3) Know when to wait: TestBench auto-waits (and when it doesn’t)

Vaadin 8 is server-driven. Many UI actions cause RPC calls + re-render. If you click/type and immediately assert, you’re racing the framework.

The important nuance: most TestBench element interactions already include waiting. Methods like click(), setValue(...), many element lookups, and other TestBench APIs typically trigger an internal waitForVaadin() around the interaction.

So: it’s good to know testBench().waitForVaadin(), but in normal TestBench-style tests it’s rarely needed as an extra call.

What waitForVaadin() actually waits for

testBench().waitForVaadin() waits for the Vaadin request cycle (pending client↔server communication initiated by the UI interaction).

Critical exception: Push / async updates

If your UI updates asynchronously (e.g., @Push, background threads pushing UI changes, server events), waitForVaadin() does not reliably wait for those pushed updates to appear.

In those cases, you must use explicit Selenium/TestBench waits for the resulting DOM/state:

waitUntil(d -> $(LabelElement.class).id("status").getText().contains("Ready"));

Minimal pattern (preferred)

$(ButtonElement.class).id("save-button").click(); // usually auto-waits

waitForElementPresent(By.className("v-Notification"));

When to add an explicit waitForVaadin()

Add it when you mix in operations that bypass TestBench’s auto-wait, for example:

  • Raw WebDriver: driver.findElement(...).click()
  • Selenium Actions
  • executeScript(...) that triggers Vaadin client actions

Pattern:

driver.findElement(By.id("save-button")).click();
testBench().waitForVaadin();
waitForElementPresent(By.className("v-Notification"));

4) Treat re-renders as normal: handle StaleElementReferenceException

In Vaadin, components can be replaced in the DOM between “find” and “read”. The ITs already implement a good pattern: search for a matching element inside waitUntil(...), and retry on stale references.
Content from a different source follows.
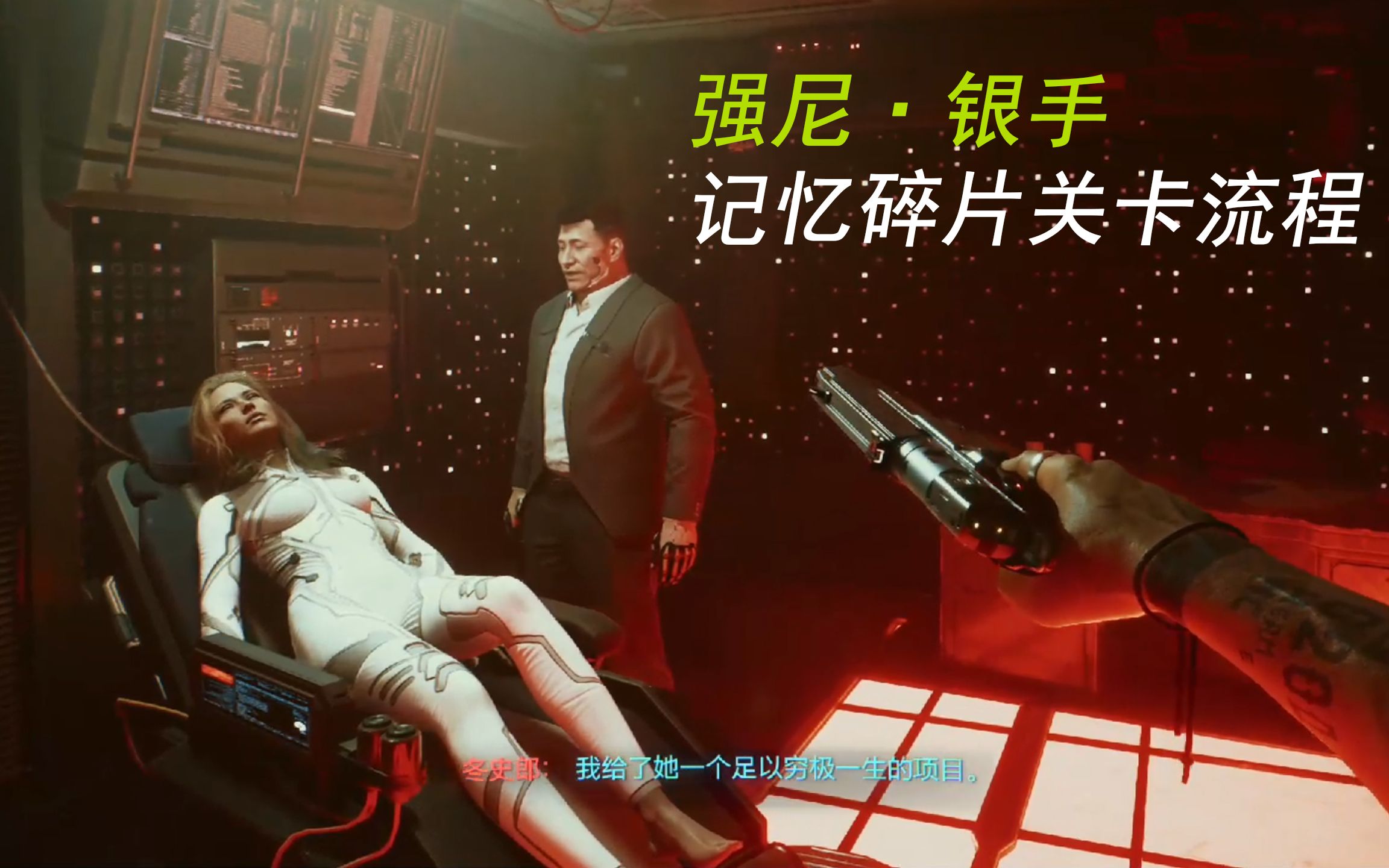 赛博朋克2077公司员工强尼银手永不消逝关卡战斗最高画质光追演示rtx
Minimal reusable helper pattern

NotificationElement notification = waitUntil(driver -> {
    for (NotificationElement n : $(NotificationElement.class).all()) {
        try {
            if (expected.equals(n.getCaption())) {
                return n;
            }
        } catch (org.openqa.selenium.StaleElementReferenceException ignored) {
            return null; // force retry
        }
    }
    return null;
});

Do this:

  • If an element is frequently stale, re-query it inside waitUntil.
  • Keep the lambda “pure”: no side effects; just return the element when ready.

5) Replace sleeps with state-based waits (especially for animations)

A fixed sleep (Thread.sleep, or wrapper wait(Duration)) can reduce flakes locally but still fail on slower CI or after a minor UI change.

Use sleeps only as a last resort, and only when you can point to a known fixed-duration animation.

Better: wait for “stable” conditions

Charts example (instead of waiting 1 second):

var chart = $(ChartElement.class).id("price-chart");
waitUntil(d -> chart.getDataLabels().size() == 3);

Dialog example:

$(ButtonElement.class).id("delete-button").click();
waitForElementVisible(By.id("confirm-dialog"));

Form open/close example:

$(ButtonElement.class).id("new-product").click();
waitUntil(d -> $(CssLayoutElement.class).id("book-form")
        .getClassNames().contains("bookform-wrapper-visible"));

6) Make tests independent: no shared mutable fixtures

A huge source of flakiness is test order dependence. If one test deletes or modifies shared data (users/categories/books) and another test expects the original fixtures, you’ll get “works on my machine” failures when running a subset, retrying failed tests, or running in parallel.

Do this:

  • Each test should create its own data and clean it up.
  • If you must use fixtures, reset the database between tests or test classes.
  • Never delete a shared fixture user like User4 unless you recreate it.

Minimal pattern: use unique names

String username = "Testuser-" + System.currentTimeMillis();
userField.setValue(username);

…and then delete that same record at the end of the test (or in @After).


7) Close overlays/notifications so they don’t block future clicks

Overlays are classic “hidden flake” causes: they can intercept clicks, block focus, or change layout.

Do this:

  • When you assert a notification, close it.
  • When you open a popup/menu, close it before continuing.

This repo already closes notifications in the book tests—keep using that pattern everywhere.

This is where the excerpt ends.